Dataset section

•••••

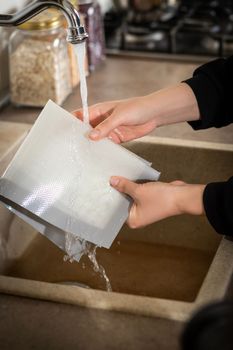 Silicone baking mat is washed under an open stream of water after cooking in the kitchen.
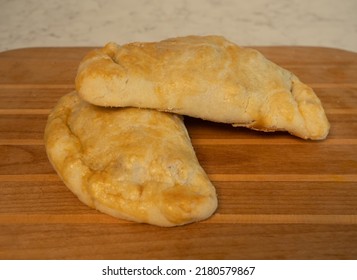 Two fresh baked beef and potato pasties on a wooden cutting board.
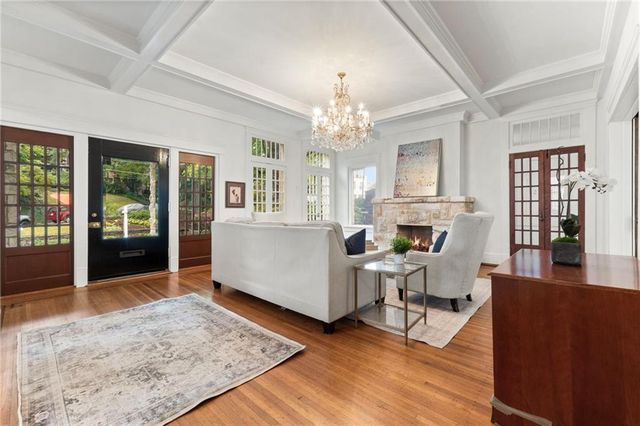 a living room with fireplace furniture and a chandelier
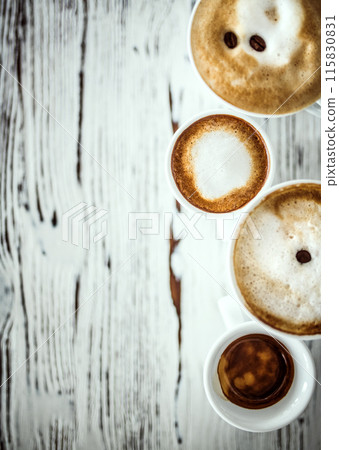 Cups with hot espresso, cappuccino, latte on table. Shot with copy space. 115830831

•••••

Assignment
Leave the pictures out, and reproduce only the lines from the line holding "Two fresh baked" through the last line of the material, both included.

Written solution
 Two fresh baked beef and potato pasties on a wooden cutting board.
 a living room with fireplace furniture and a chandelier
 Cups with hot espresso, cappuccino, latte on table. Shot with copy space. 115830831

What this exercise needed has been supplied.